Investigators in Alaska used genetic genealogy to rule out the killing of Jessica Baggen’s cold case, who was raped and murdered after celebrating her 17th birthday in 1996, authorities said Tuesday.
A suspect identified in the case, Steve Branch, 66, died last week by suicide after state police investigators traveled to his home in Austin, Arkansas, to interview him about the Baggen murder in the town of Sitka, southwest of Juneau, Alaska State Police Maj. Dave Hanson told reporters.
After authorities tried to obtain a DNA sample, Branch denied involvement in the slaughter of the toe and refused to supply one, Hanson said. Thirty minutes after officers left to get an arrest, Branch died by suicide, Hanson said.
“Although Branch in this case will never face a jury of his peers, we can finally say that Jessica’s case has been resolved,” said Amanda Price, Alaska’s public safety commissioner.
Baggen disappeared on May 4, 1996, after leaving a birthday party at her sister’s house to run home, Hanson said.

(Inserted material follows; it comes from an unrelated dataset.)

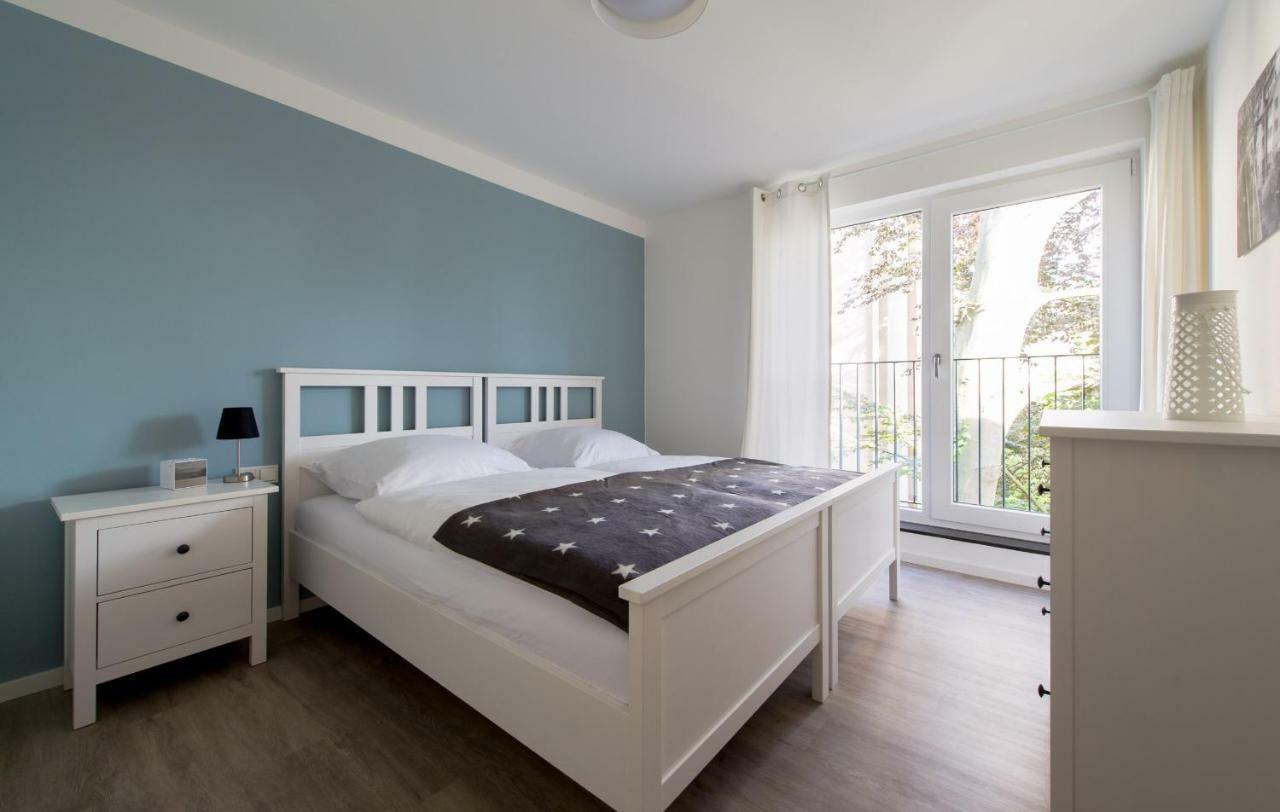 Wilhelmstrasse Apartment *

Her body, which was found two days later, was buried in the woods, he said.
Nine days later, a man contacted local police and confessed to sexually assaulting them, but no physical evidence linked him to the crime, and he was later released during a trial, Hanson said.
In 2018, investigators of the cold case submitted a suspicious DNA drive, taken from Baggen’s body to Parabon NanoLabs, which uploaded it to public genealogy databases, he said.
Eventually, Branch came out as a suspect, Hanson said. He was living in Sitka when Baggen was murdered, and he was charged – and released – in the sexual assault of another local teenager around the time of Baggen’s murder, Hanson said. He moved to Arkansas in 2010.
After a DNA sample was obtained from a relative of Branch’s, investigators determined that he was probably a match with the suspected DNA.
After Branch’s death on August 3, scientists matched DNA obtained from his body during an autopsy to the suspect’s DNA, Price said.